KAMPALA, Uganda (AP) — Where is Bobi Wine?
In a recent video shared from hiding, the Ugandan opposition leader walks in a family graveyard in central Uganda, taunting the army chief who has failed to find him and lamenting what he calls the injustice that has befallen him.
The 43-year-old musician-turned-politician has been evading a military hunt for over a week, infuriating Gen. Muhoozi Kainerugaba — the army chief and president's son — in what has become
a very public rivalry.
Wine went into hiding shortly after Uganda's disputed presidential election on Jan. 15. The vote was marred by an internet shutdown and the failure of biometric voter identification kits meant to prevent ballot stuffing.
Wine, whose real name is Kyagulanyi Ssentamu, has rejected the official results, according to which President Yoweri Museveni won a seventh term with 71.6% of the vote.
He has urged his followers to do whatever is legally possible to show the government has weaknesses despite the massive military presence that accompanied the election.
Ugandan soldiers raided Wine's house the day after the Jan. 15 vote, but the opposition leader had already gone into hiding, fearing for his life after campaigning for weeks in helmet and flak jacket at rallies where security forces were a constant presence.

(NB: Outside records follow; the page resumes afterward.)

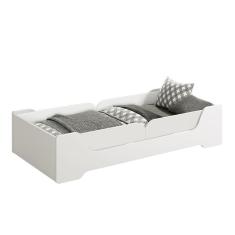 Cama Evolutiva Zaki Branco Fosco, 2 Kits Proteção Lateral Lisa E Colchão D20 - Reller Móveis Branco Fosco
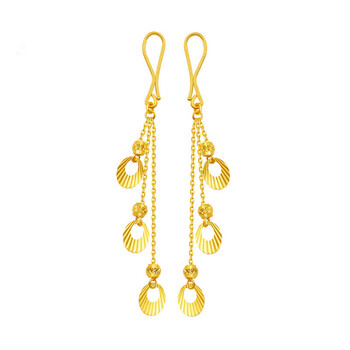 老凤凰 9999足金耳坠长款祥结婚订婚黄金耳环女金耳钉时尚流苏耳钩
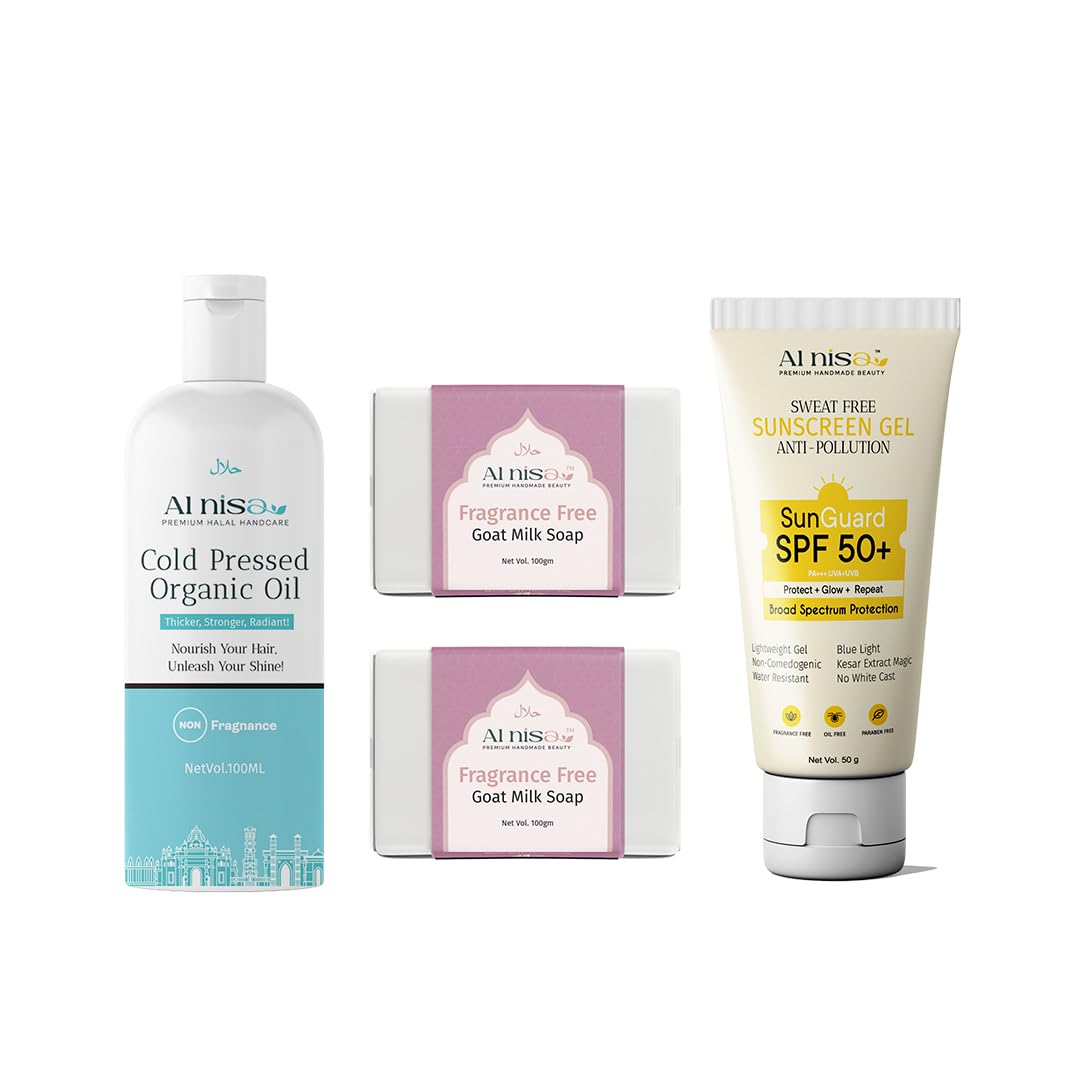 AL NISA Hajj/Umrah Kit Fragrance Free Goat Milk Handmade Soap Set 2 100gm each x 2 and Organic Hair Oil 100ml with Sweat Free Sunscreen Gel Spf 50+ 50ml Combo Set of 3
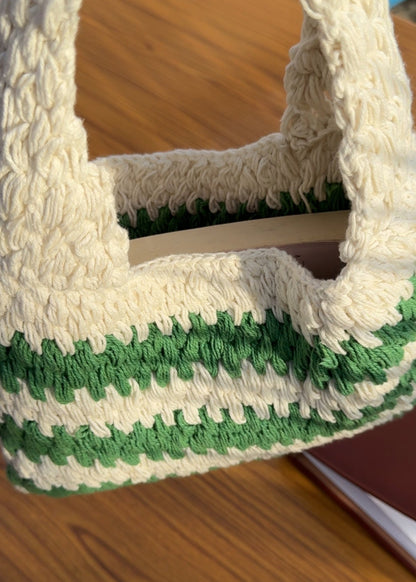 Green Striped Crochet Mini Bag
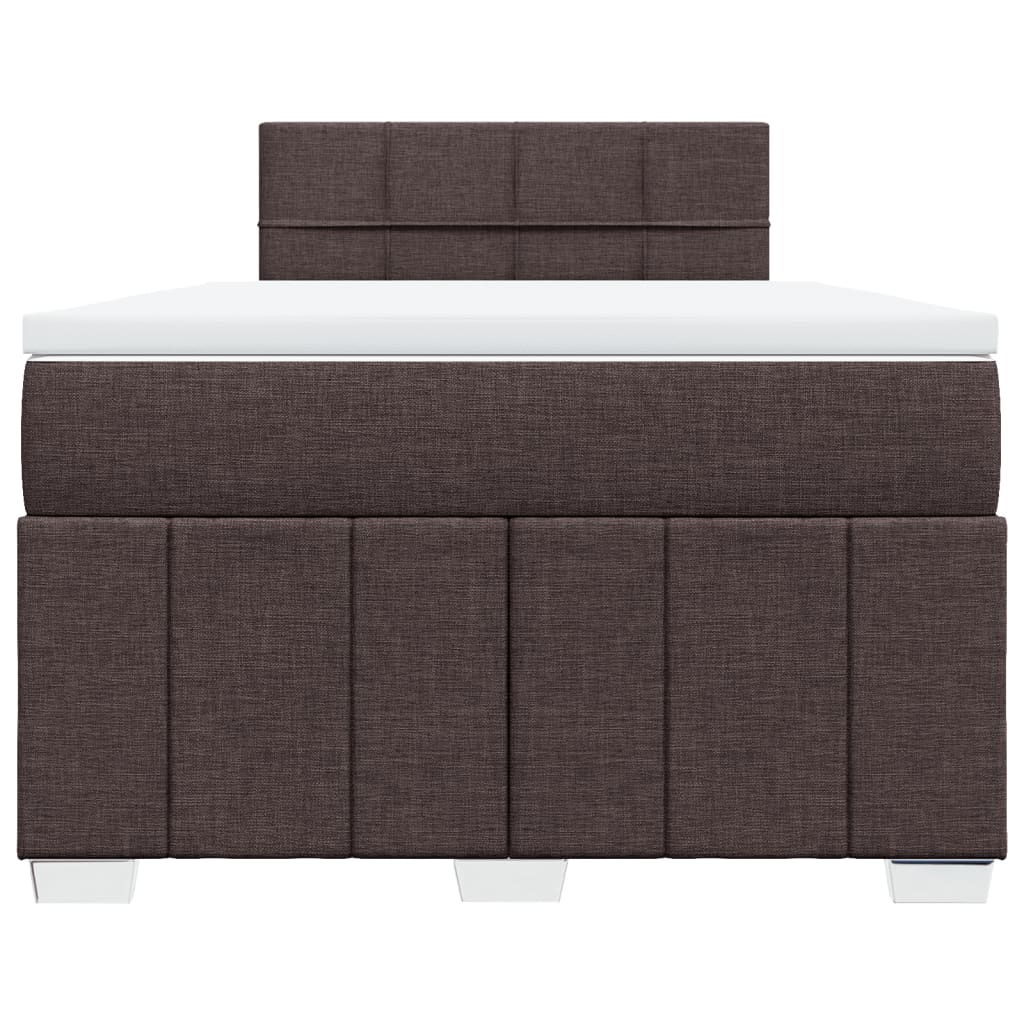 Sommier à lattes de lit et matelas marron foncé 120x190cm tissu - XIOS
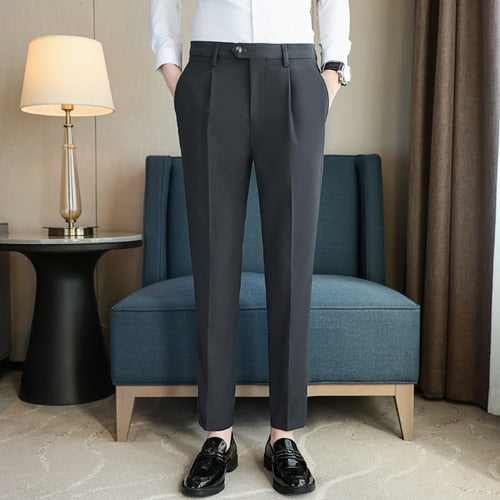 British Style Men High Waist Slim Fit Pants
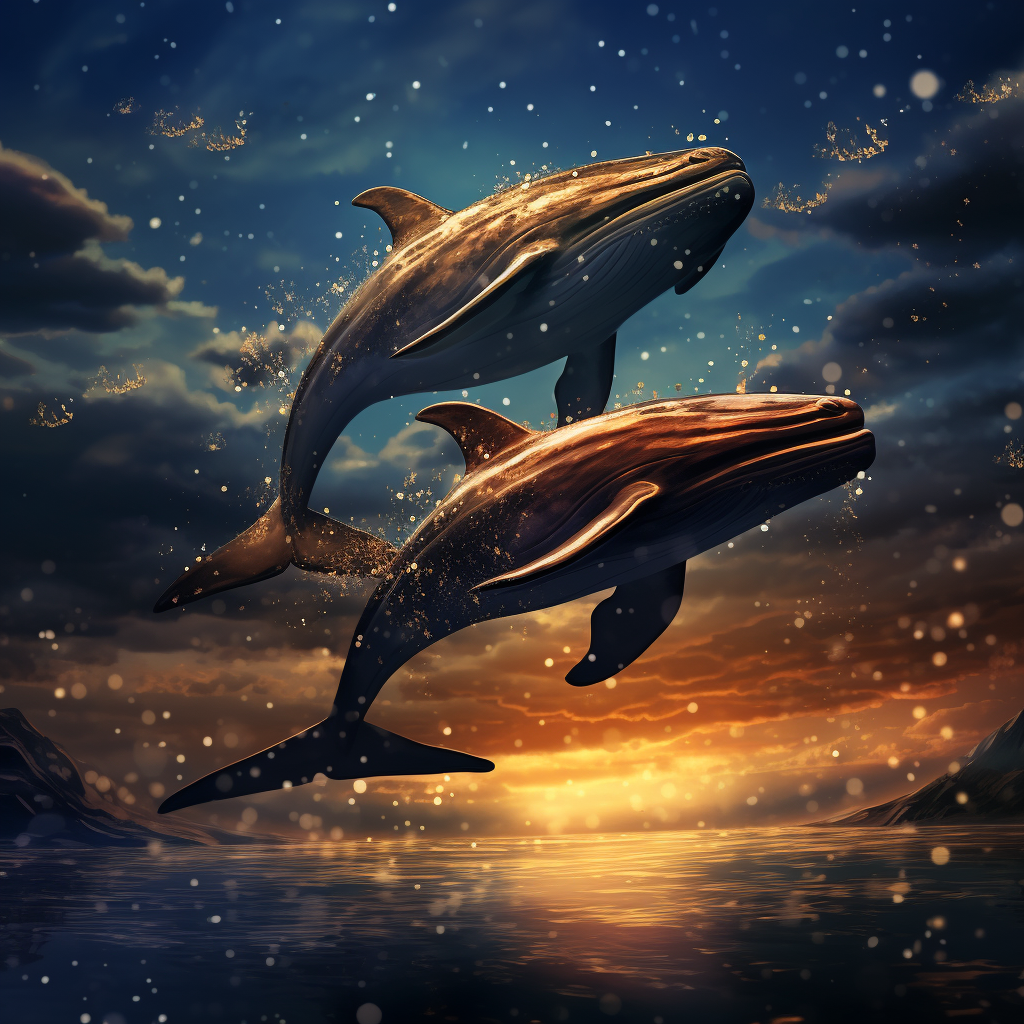 Whales soaring through the starry night sky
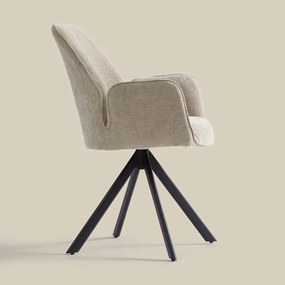 Beige Eetkamerstoel Met Armleuningen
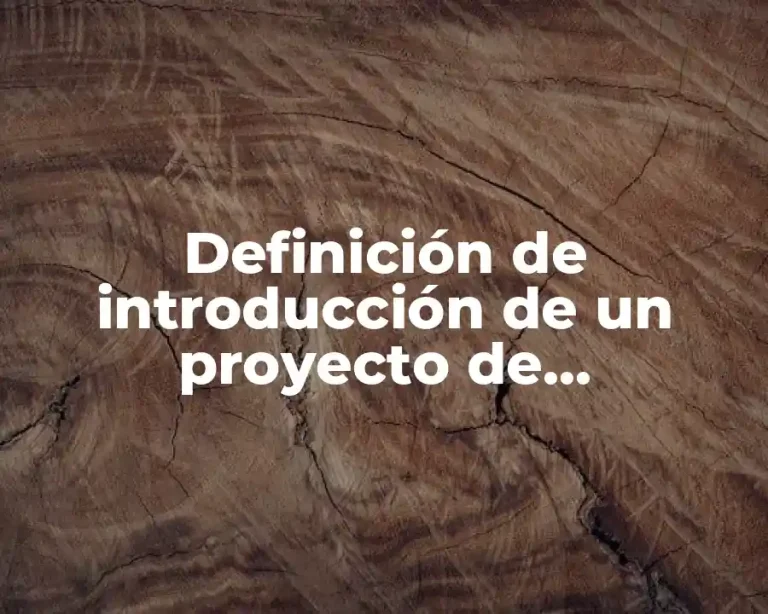 Definición de introducción de un proyecto de investigación sobre drogas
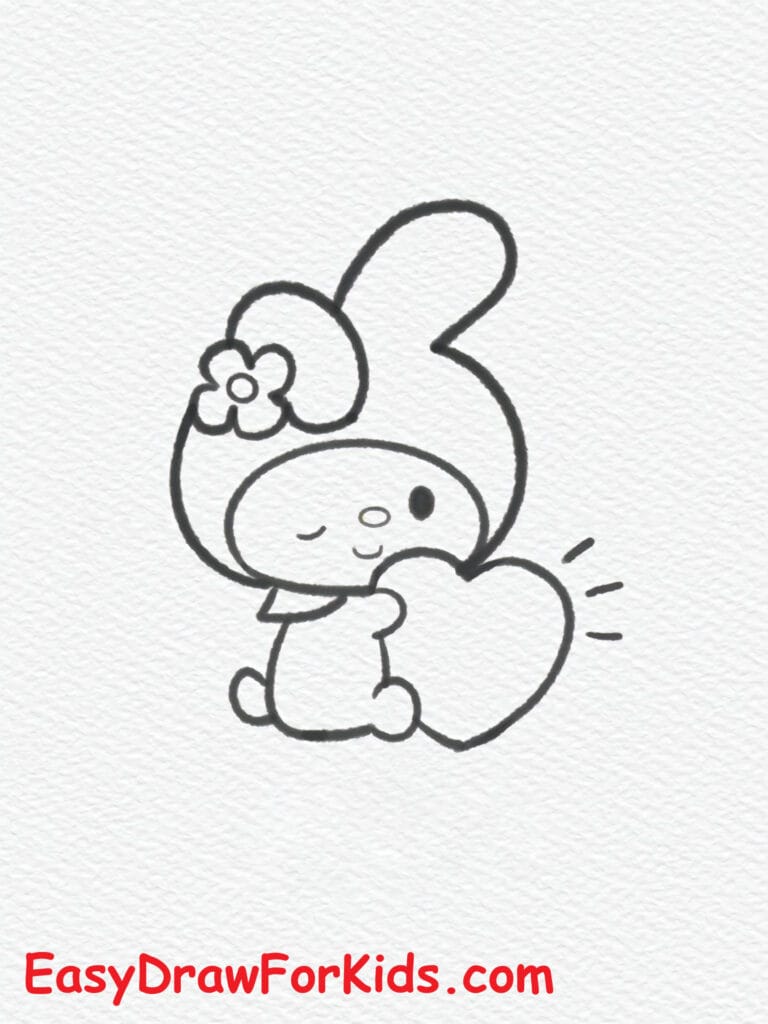 my melody holding a heart drawing step 7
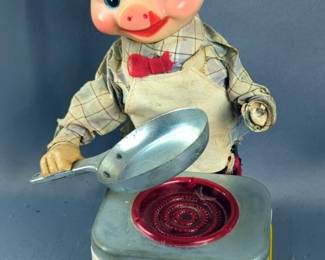 Piggy Cook Battery Operated Tin Toy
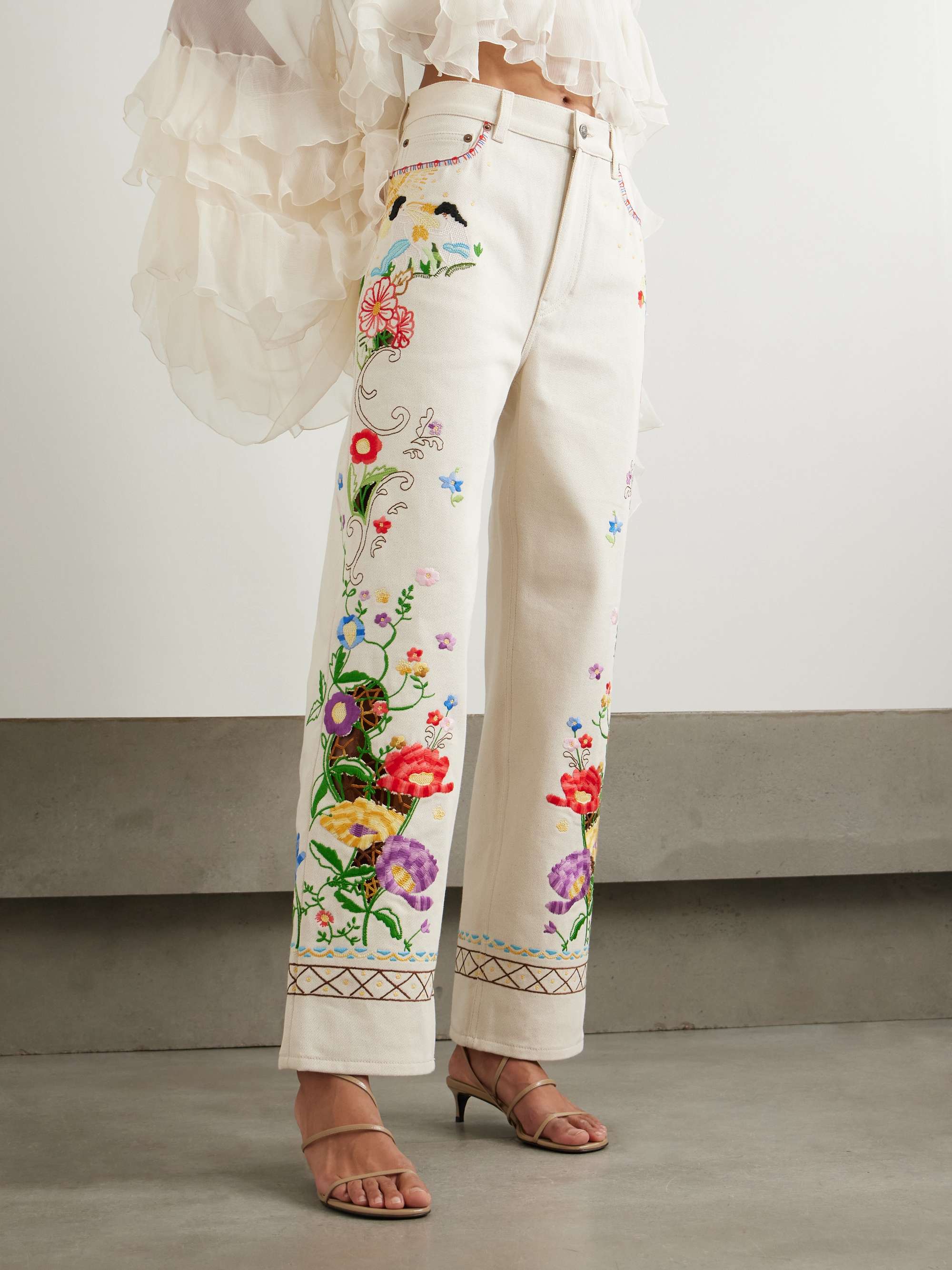 Embroidered high-rise straight-leg jeans view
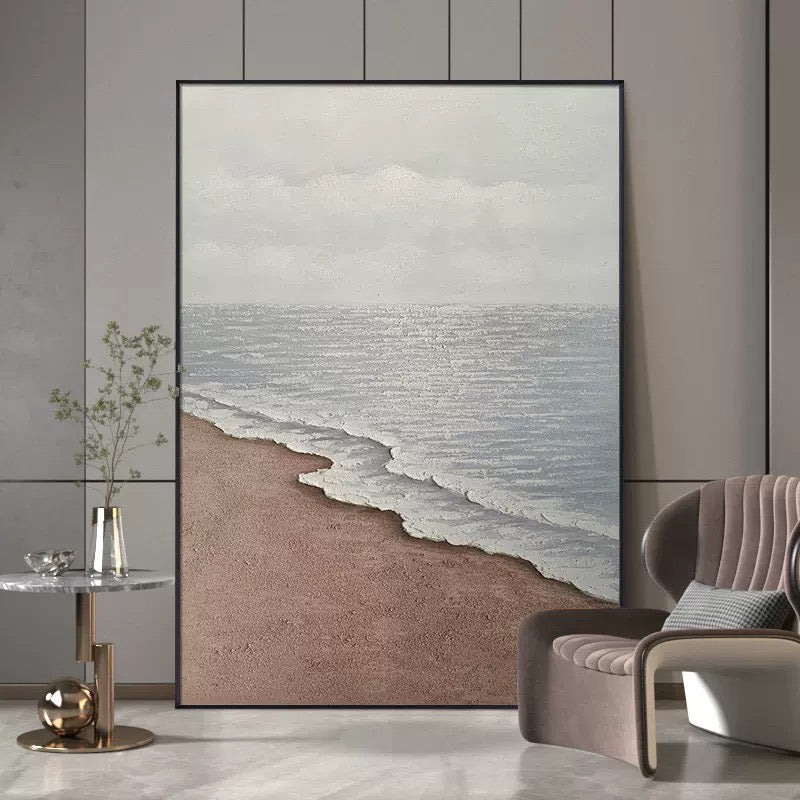 Quiet Beach Low Tide Coastal Oil Painting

Wine said his ability to evade the army shows that the government is not as strong as it appears.
“The whole army is looking for one person. It’s now coming to 10 days but they have failed to find me,” Wine said in a video posted on X on Monday. “That means they are not as strong as they tell you.”
That also “means that you, as a Ugandan, you can do whatever is possible without breaking the law. Yes, they call us outlaws, but we are not law breakers," he added.
The hunt for Wine is being led by Kainerugaba — the president’s presumptive heir — who has responded to Wine's taunts by calling him a coward, a “baboon” and a “terrorist.”
He has a yearslong habit of posting offensive tweets, which he often deletes later.
Kainerugaba said on X that Wine and other leaders of his National Unity Platform party are wanted for criminal offenses, but did not specify them.
Yet Ugandan police and government spokesman Chris Baryomunsi say Wine is not wanted and is free to return to his family.
Wine said in his most recent message to his followers that he went to his ancestral home to “to get some love.”
“Another day of hiding. Another day of injustice,” he said. “As I have always said, that in a country under family rule the ruling family is always above the law.”
The exchanges between Wine and Kainerugaba have raised tensions after the election, with many Ugandans worried that an attack on Wine could trigger unrest.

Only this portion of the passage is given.